* Directions:
In the data below, locate the line containing "10 FT Patio" and the line containing "Calvin Klein Jeans", then retype both and everything between them exactly. Pictures are not part of the copy.

* Input data:
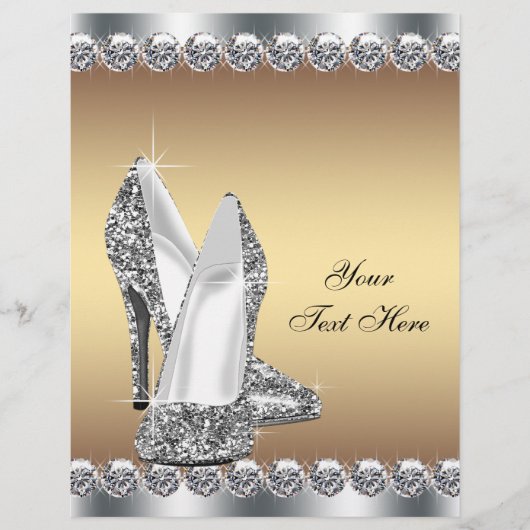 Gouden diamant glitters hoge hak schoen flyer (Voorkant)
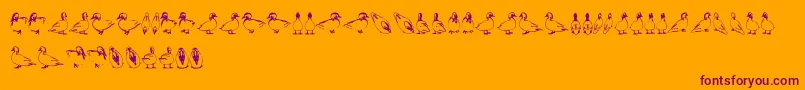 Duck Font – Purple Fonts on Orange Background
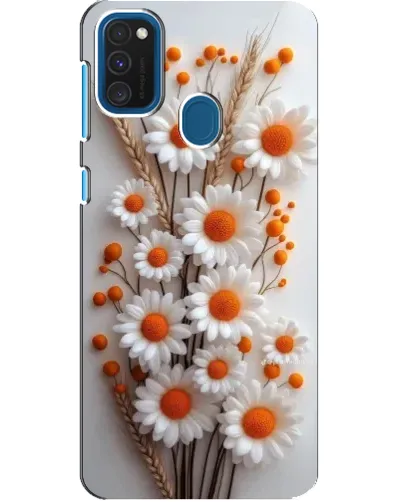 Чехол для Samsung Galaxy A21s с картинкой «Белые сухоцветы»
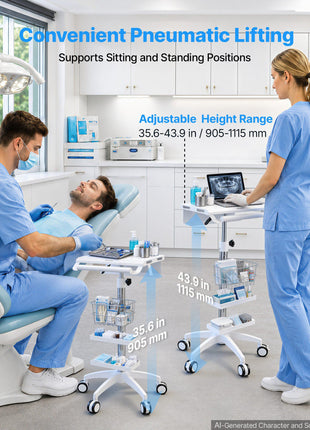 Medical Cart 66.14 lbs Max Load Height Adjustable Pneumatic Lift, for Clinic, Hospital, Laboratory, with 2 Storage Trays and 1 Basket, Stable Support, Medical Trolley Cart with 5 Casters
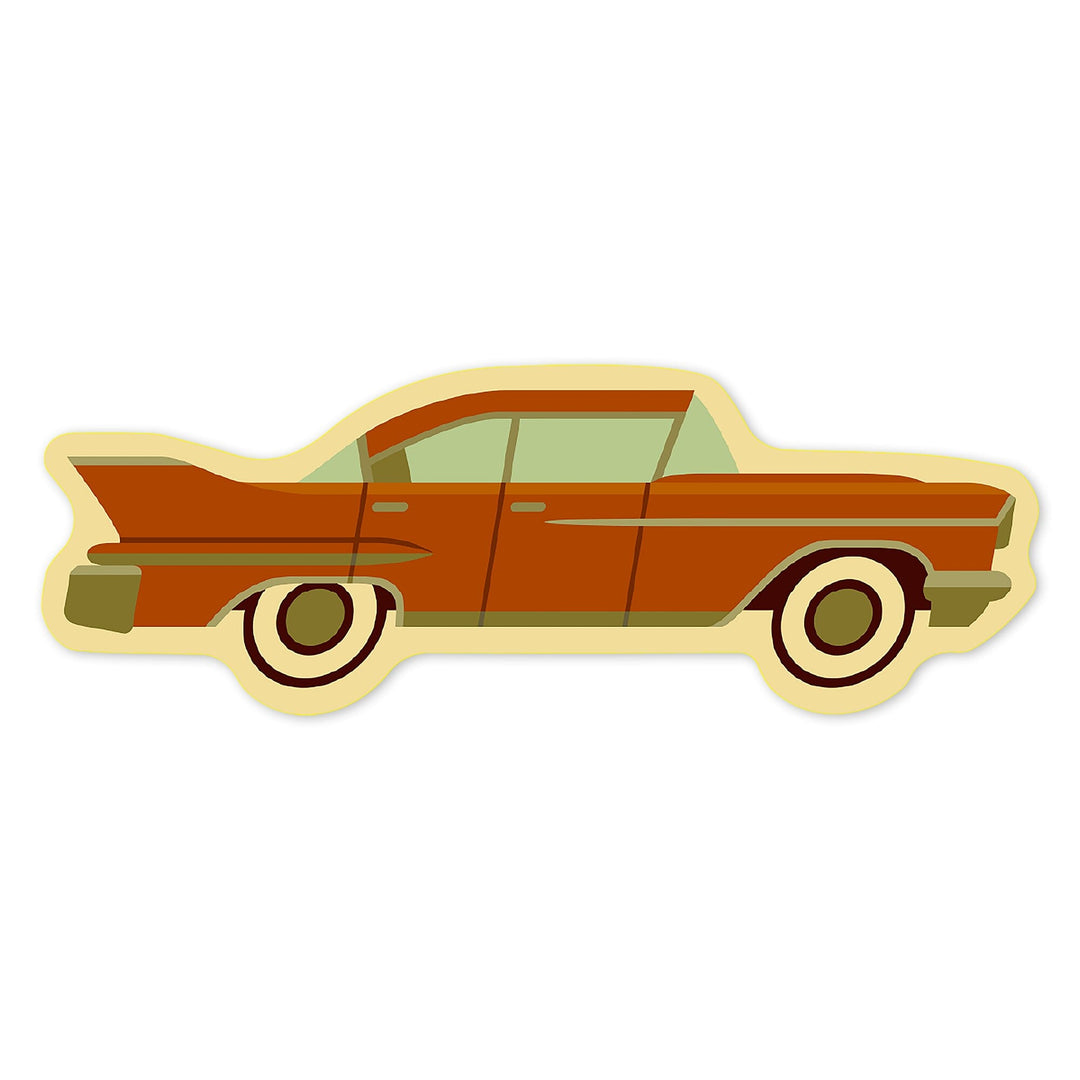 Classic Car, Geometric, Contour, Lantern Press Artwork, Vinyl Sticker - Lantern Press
* * *
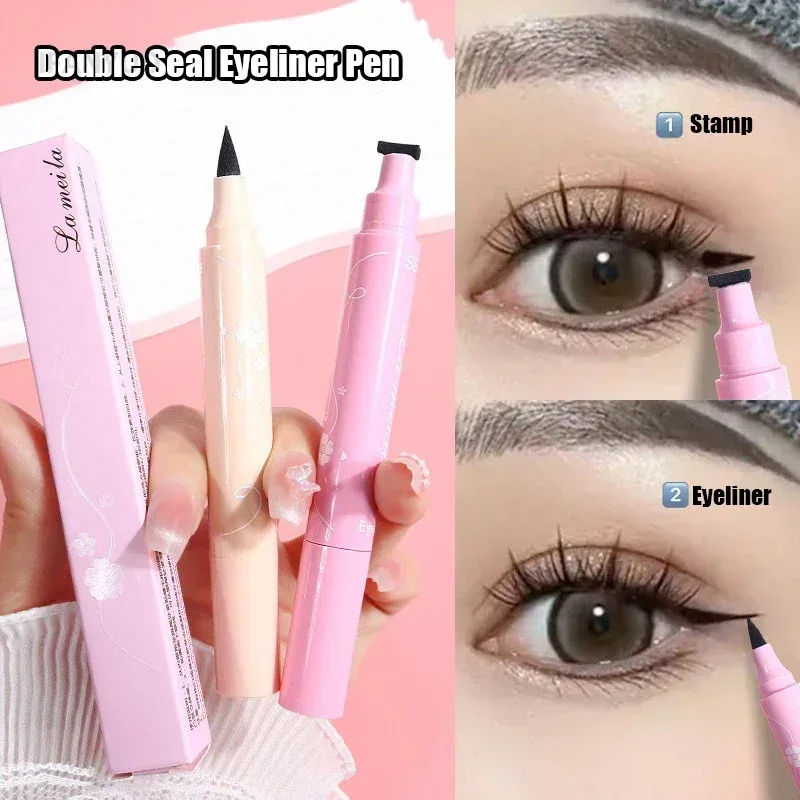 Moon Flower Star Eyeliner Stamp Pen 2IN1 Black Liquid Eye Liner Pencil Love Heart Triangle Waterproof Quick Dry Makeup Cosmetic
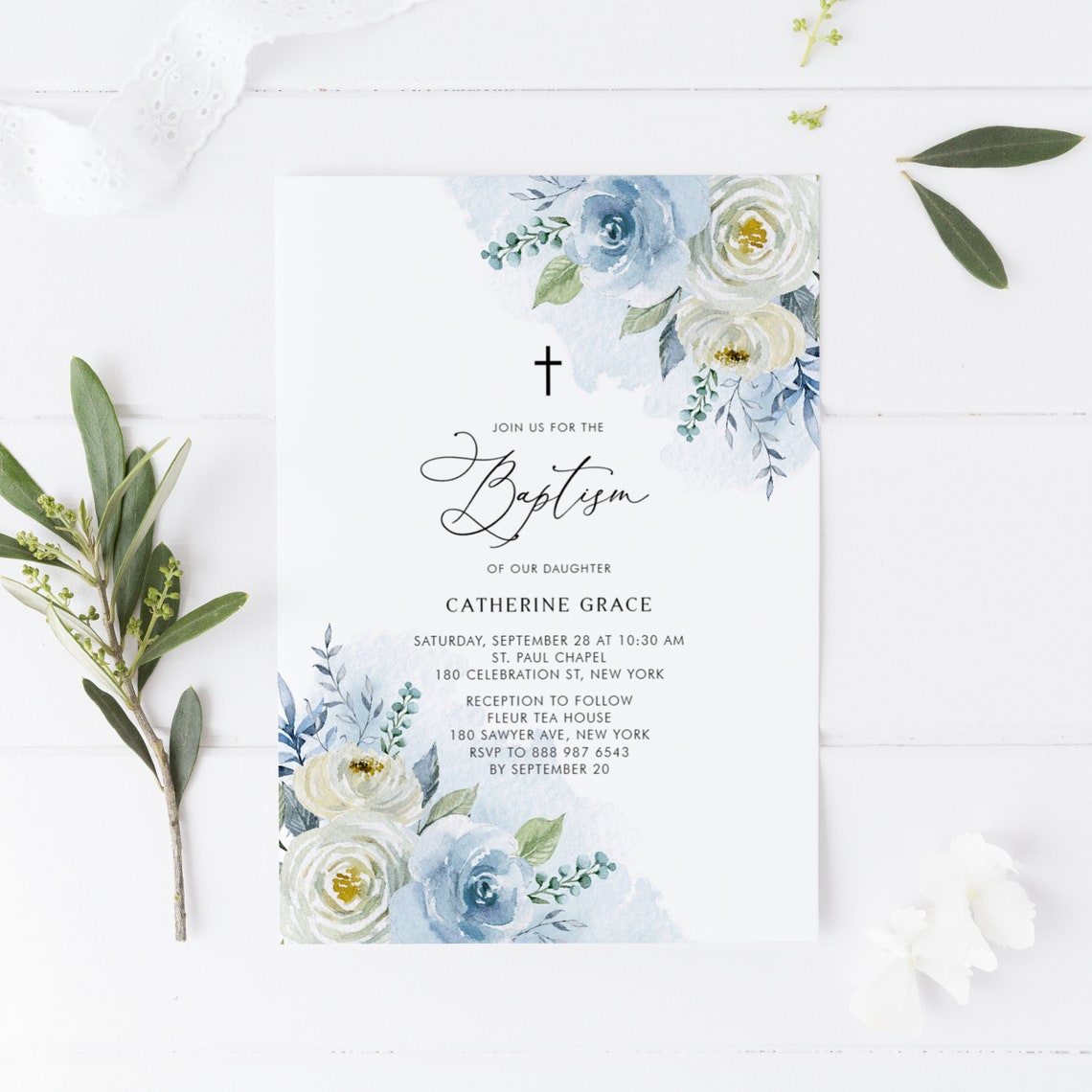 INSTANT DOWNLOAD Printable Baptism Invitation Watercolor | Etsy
* * *
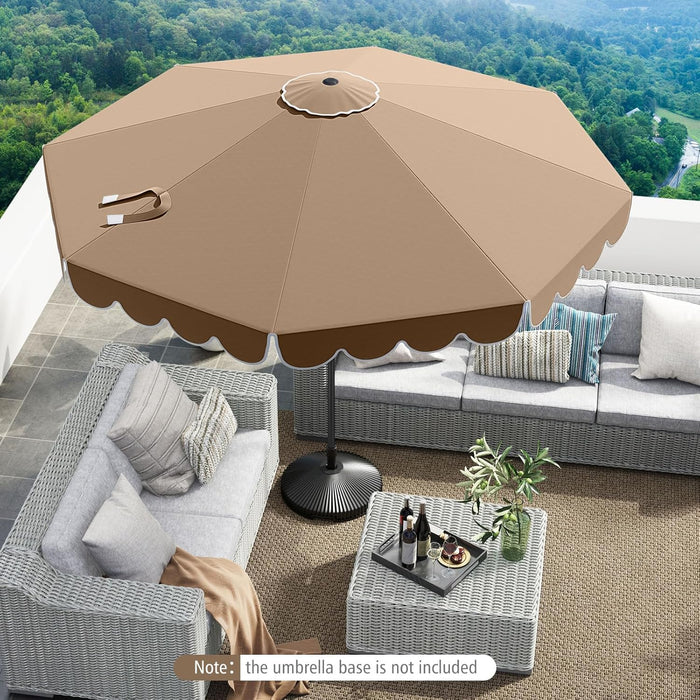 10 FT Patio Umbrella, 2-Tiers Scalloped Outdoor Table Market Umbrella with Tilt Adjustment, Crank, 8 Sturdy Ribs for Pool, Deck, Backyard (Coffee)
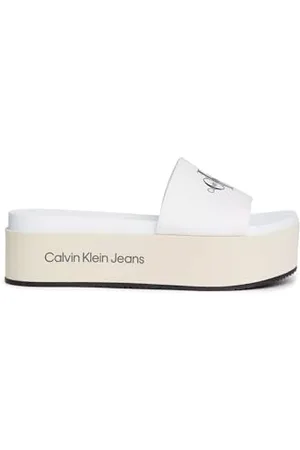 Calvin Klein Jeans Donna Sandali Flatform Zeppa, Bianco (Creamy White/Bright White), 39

* Solution to this problem:
 10 FT Patio Umbrella, 2-Tiers Scalloped Outdoor Table Market Umbrella with Tilt Adjustment, Crank, 8 Sturdy Ribs for Pool, Deck, Backyard (Coffee)
 Calvin Klein Jeans Donna Sandali Flatform Zeppa, Bianco (Creamy White/Bright White), 39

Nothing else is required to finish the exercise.